_Task item_: The expected result is a word-for-word copy of the entries, minus any pictures.

• • • • •

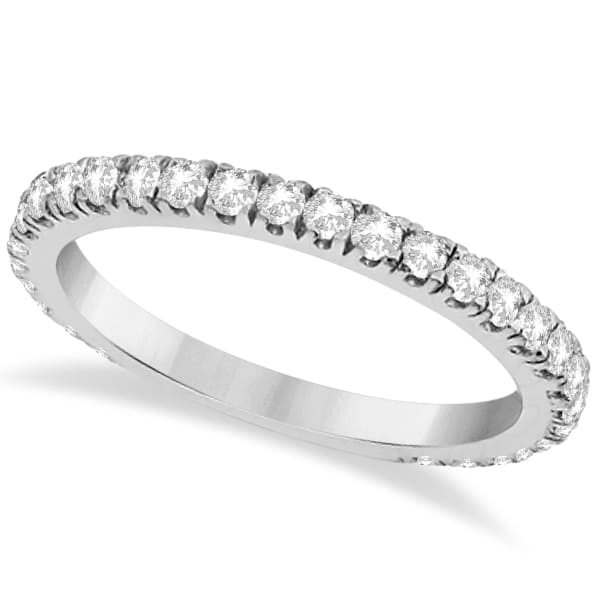 Round Diamond Eternity Wedding Ring 14K White Gold Diamond Band (0.58ct)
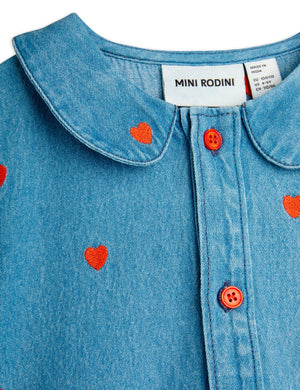 MINI RODINI / Mini hearts woven dress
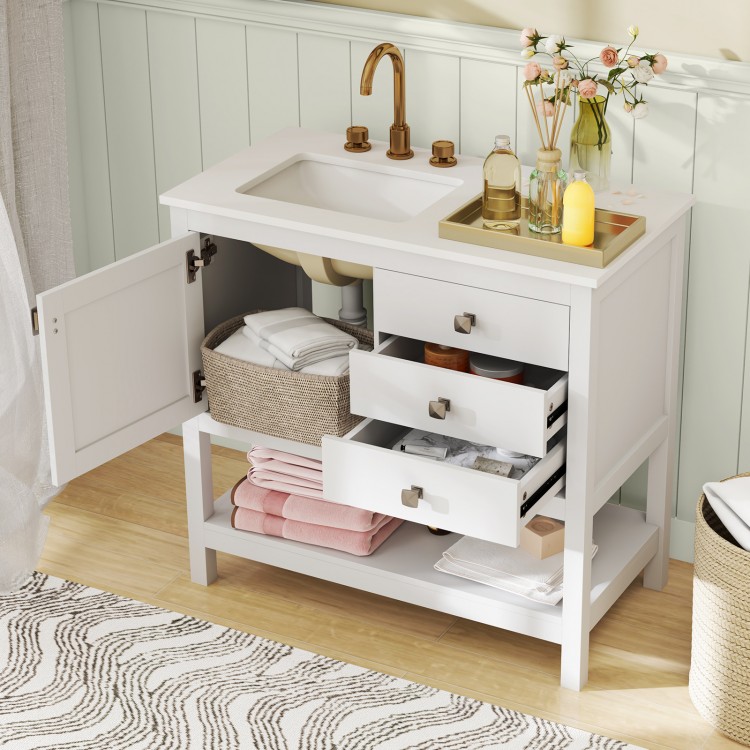 Freestanding Bathroom Vanity Unit with Basin Floor Storage Cabinet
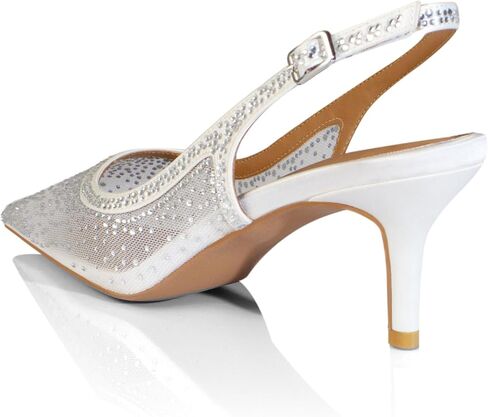 sarawill Women's Closed Pointed Toe Stiletto Heels Sexy Mesh Rhinestones Slingback Kitten Heel Shoes Comfortable Slip on Party Office Dress High Heels for Women in Kuwait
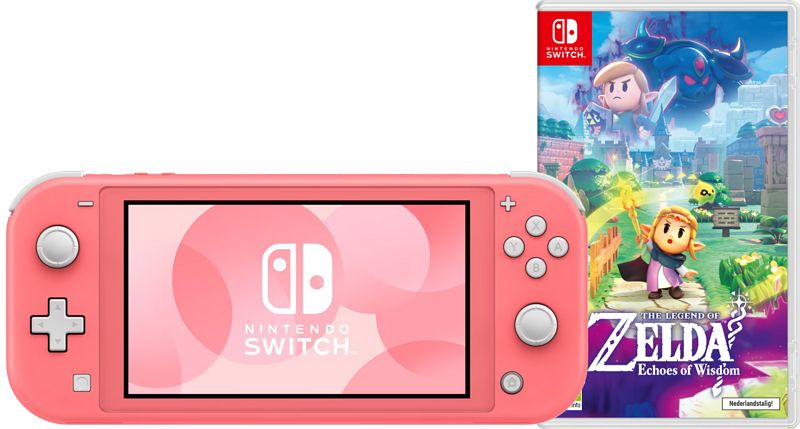 Foto van Nintendo switch lite koraal + zelda: echoes of wisdom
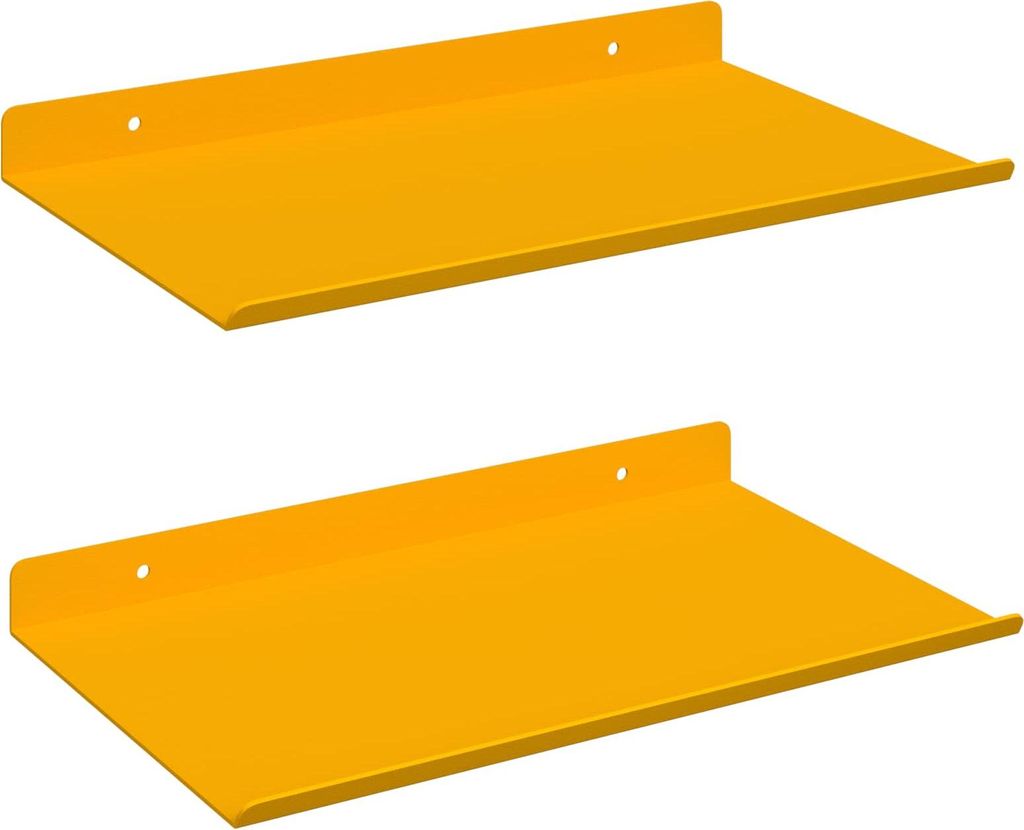 vidaXL Schwebendes Regal 2 pcs Senfgelb 30 x 18 x 2,5 cm Stahl
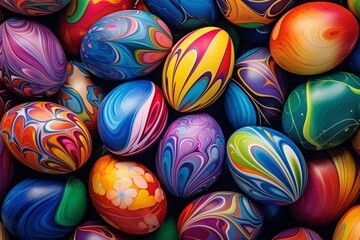 Obraz premium Easter background, colorful chicken eggs. vibrant swirling color. top view, close-up. illustration.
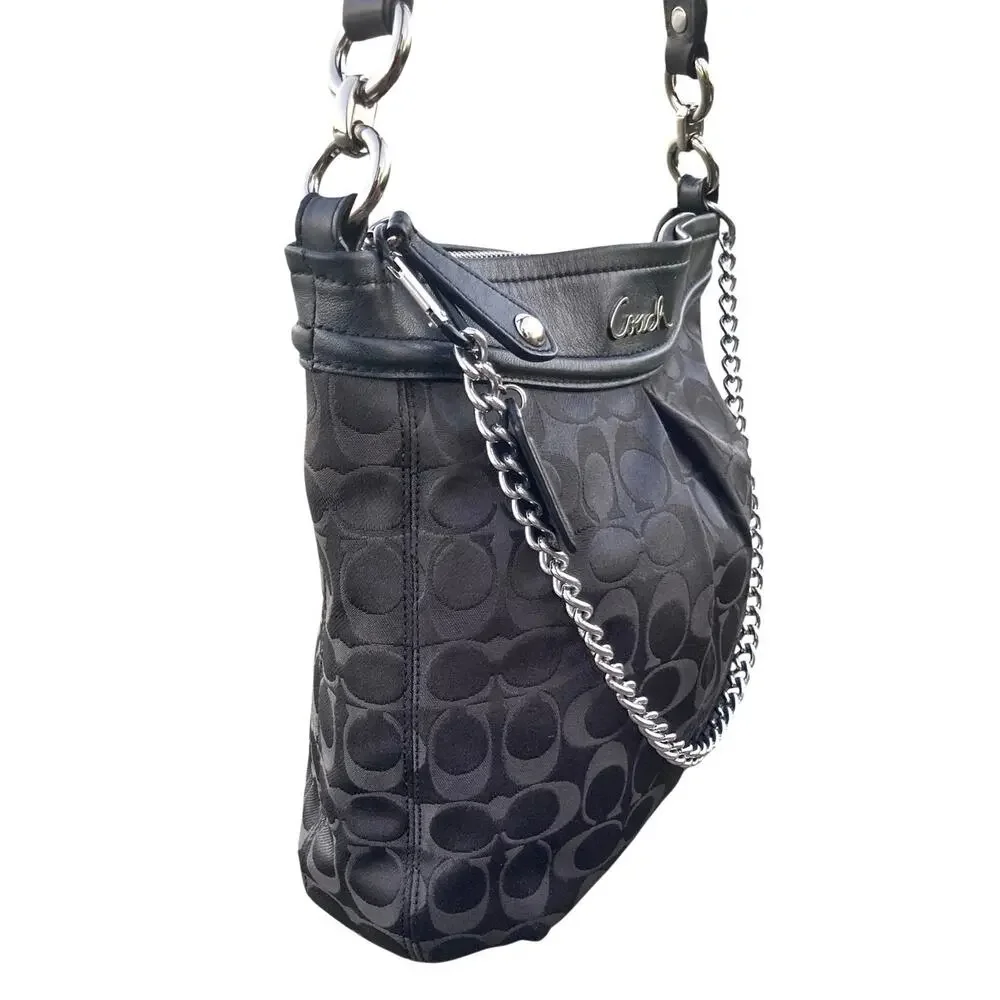 Y2K Coach Ashley Signature C Sateen F20111 Shoulder Hobo Bag Chain Jacquard EUC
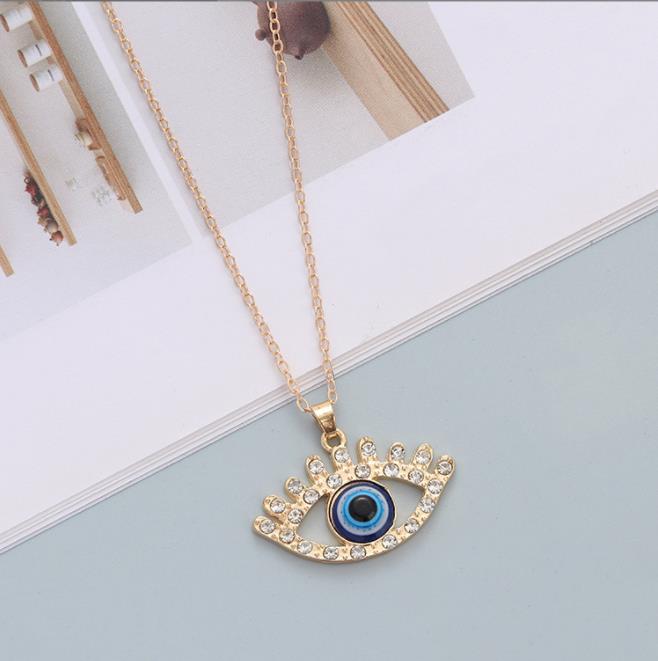 2023 Turkey Fashion Blue Evil Eye Necklace Gold Color Charm Rhinestone Eye Choker Necklace for Women Boho Jewlery Wholesale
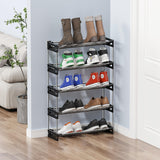 DEYILIAN Free Standing Shoe Racks, 5 Tier Shoe Rack for Entryway Shoe Storage Narrow Shoe Rack Holds 10 Pairs of Shoes with Slanted Space Saving Shoe Shelf Shoe Organizer for Closet Black DEYILIAN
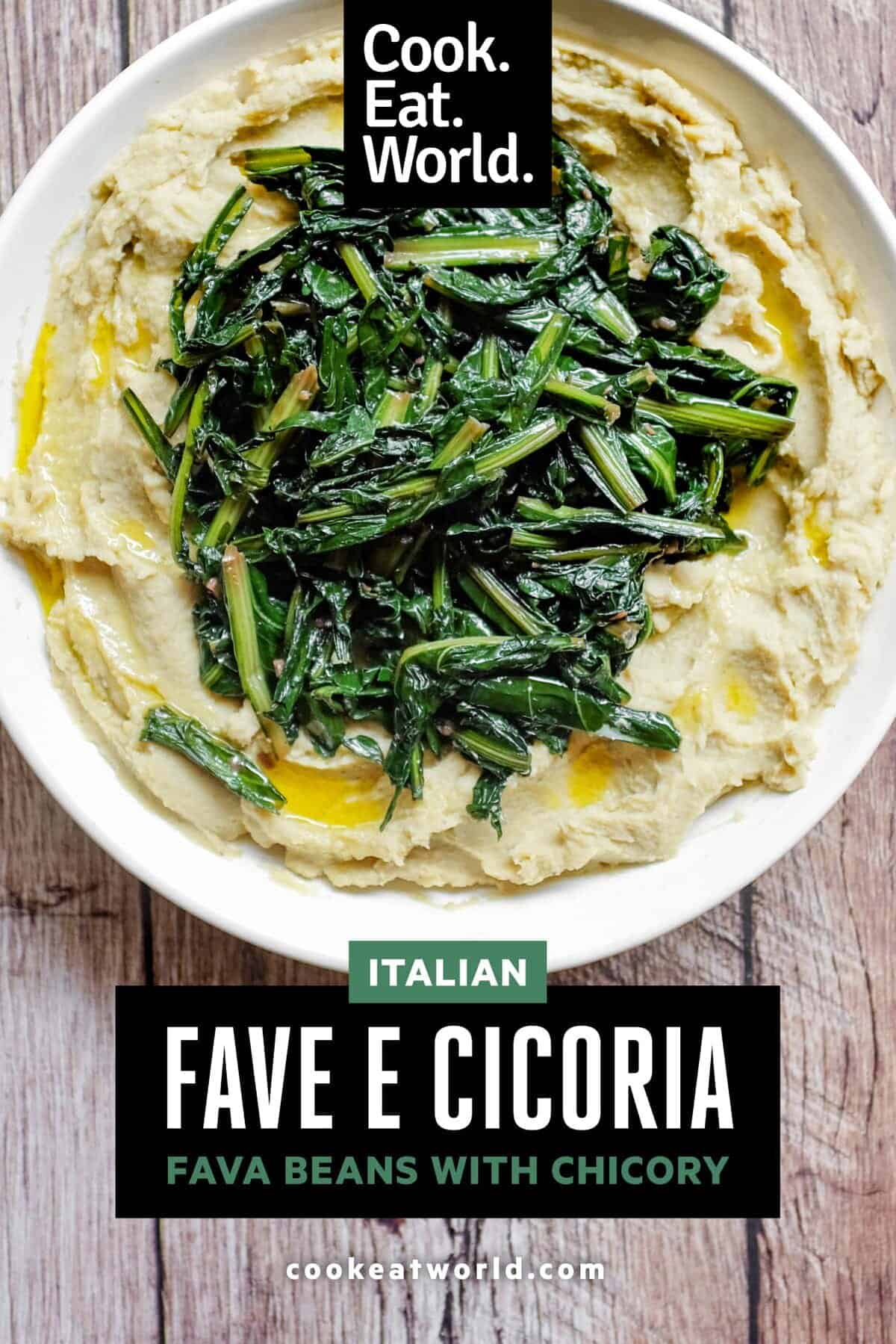 A large platter of fava bean puree with bitter greens (fave e cicoria)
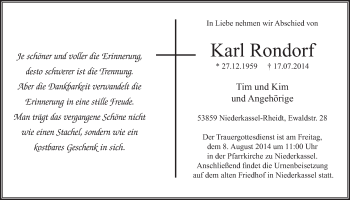 Anzeige von Karl Rondorf von  Extra Blatt 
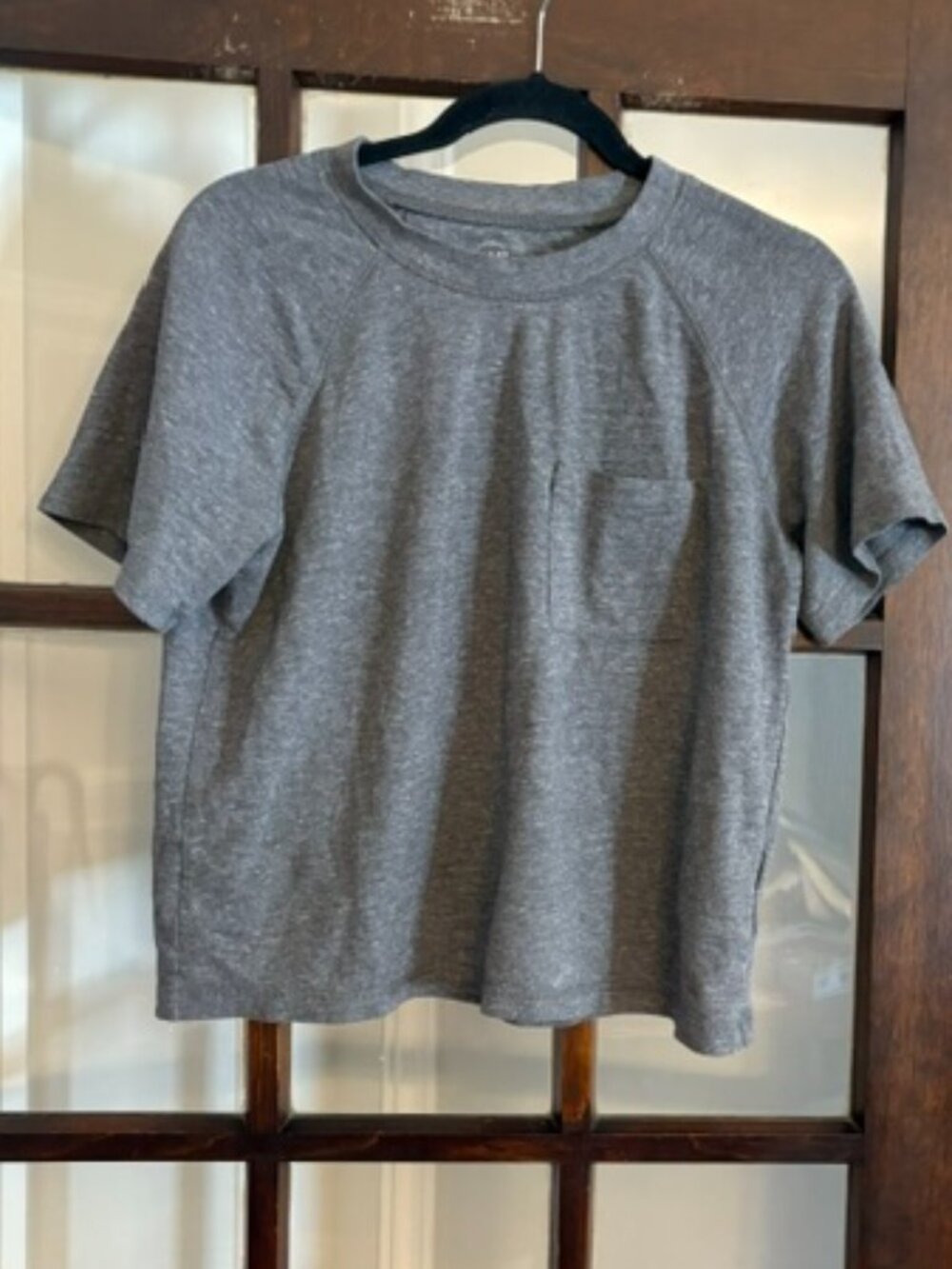 Madewell MWL Skyterry Raglan Pocket Tee In Gray, Size XXS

• • • • •

_The answer_:
 Round Diamond Eternity Wedding Ring 14K White Gold Diamond Band (0.58ct)
 MINI RODINI / Mini hearts woven dress
 Freestanding Bathroom Vanity Unit with Basin Floor Storage Cabinet
 sarawill Women's Closed Pointed Toe Stiletto Heels Sexy Mesh Rhinestones Slingback Kitten Heel Shoes Comfortable Slip on Party Office Dress High Heels for Women in Kuwait
 Foto van Nintendo switch lite koraal + zelda: echoes of wisdom
 vidaXL Schwebendes Regal 2 pcs Senfgelb 30 x 18 x 2,5 cm Stahl
 Obraz premium Easter background, colorful chicken eggs. vibrant swirling color. top view, close-up. illustration.
 Y2K Coach Ashley Signature C Sateen F20111 Shoulder Hobo Bag Chain Jacquard EUC
 2023 Turkey Fashion Blue Evil Eye Necklace Gold Color Charm Rhinestone Eye Choker Necklace for Women Boho Jewlery Wholesale
 DEYILIAN Free Standing Shoe Racks, 5 Tier Shoe Rack for Entryway Shoe Storage Narrow Shoe Rack Holds 10 Pairs of Shoes with Slanted Space Saving Shoe Shelf Shoe Organizer for Closet Black DEYILIAN
 A large platter of fava bean puree with bitter greens (fave e cicoria)
 Anzeige von Karl Rondorf von  Extra Blatt 
 Madewell MWL Skyterry Raglan Pocket Tee In Gray, Size XXS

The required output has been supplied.